Exercise description: Restate, exactly as written, the entries below from the line that holds "Klahadore allows the" through the line that holds "Good morning! Welcome". Pictures are not part of the copy.

'''

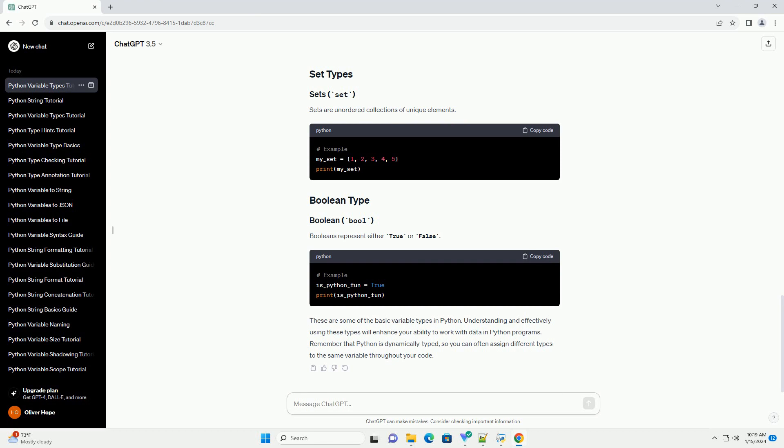These are some of the basic variable types in Python. Understanding and effectively using these types will enhance your ability to work with data in Python programs. Remember that Python is dynamically typed, so you can often assign different types to the same variable throughout your code.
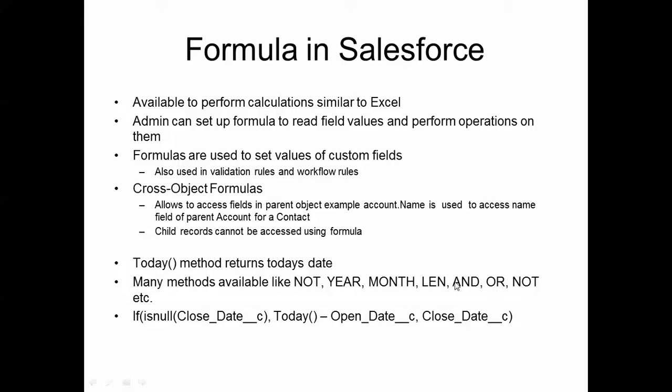AND, OR, NOT operators are logical operators. For example, if we take the case of AND, if it is applied on two values and both of the values are true, then it returns a true value.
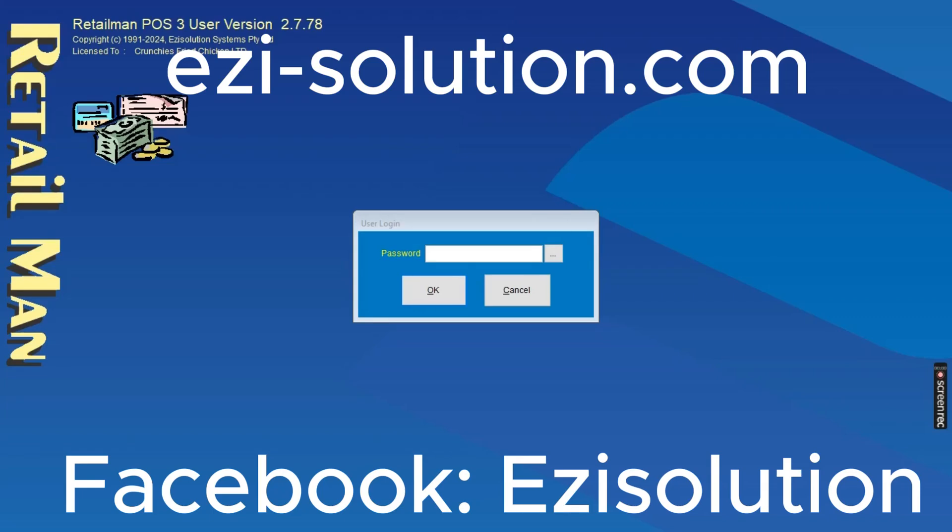Hello, welcome to Ezi Solution System. Today I want to explain some certain functions - specifically, how to recall a page of Retail Man, Easy Accounting, or ESR Solution Restaurant. Sometimes your page will be like this.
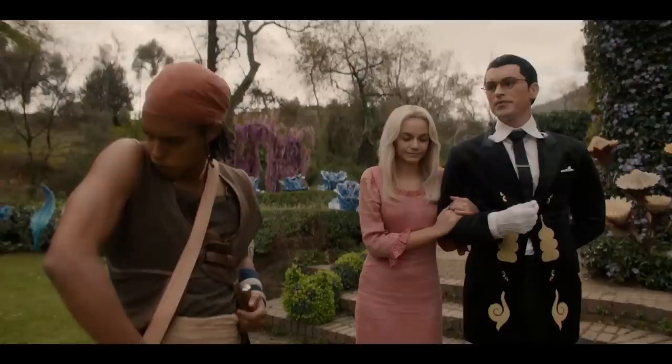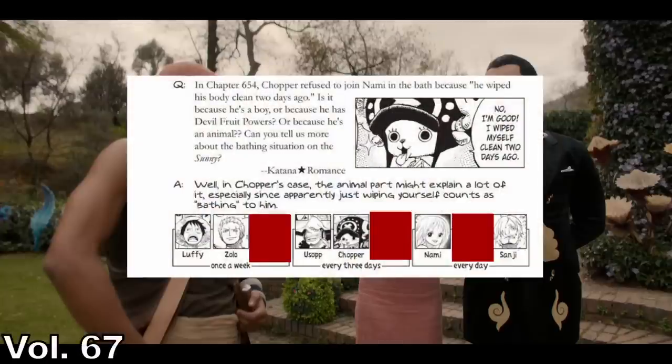Klahadore allows the crew to stay for dinner but instructs them to bathe and change beforehand. Usopp does a pit check, and Nami remarks that a bath does sound nice. We actually know the Straw Hats' canonical bathing schedules as told in Volume 67's SBS, so all of this seems in character.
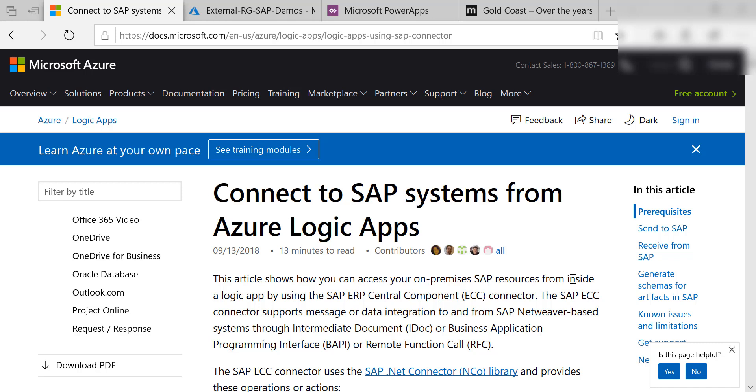In this video I'm going to show you how you can integrate with an SAP system using Power Apps or Microsoft Flow through Azure Logic Apps. It's not my goal to teach you how to use Logic Apps or the SAP connector for Logic Apps. It's really just to show you how to connect the pieces together in an end-to-end working example.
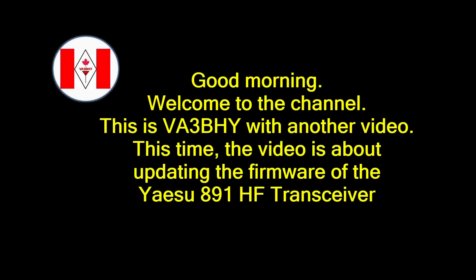Good morning! Welcome to the channel. This is Victor Alpha 3 Bravo Hotel Yankee with another video.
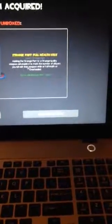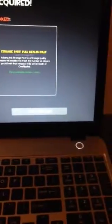Strange Part Full Health Kits. Adding this Strange Part to a Strange Quality Weapon will enable it to track the number of players you kill with that weapon while at full health or overhealed. Okay, that's cool. Bye.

'''

Result of this task:
Klahadore allows the crew to stay for dinner but instructs them to bathe and change beforehand. Usopp does a pit check, and Nami remarks that a bath does sound nice. We actually know the Straw Hats' canonical bathing schedules as told in Volume 67's SBS, so all of this seems in character.
In this video I'm going to show you how you can integrate with an SAP system using Power Apps or Microsoft Flow through Azure Logic Apps. It's not my goal to teach you how to use Logic Apps or the SAP connector for Logic Apps. It's really just to show you how to connect the pieces together in an end-to-end working example.
Good morning! Welcome to the channel. This is Victor Alpha 3 Bravo Hotel Yankee with another video.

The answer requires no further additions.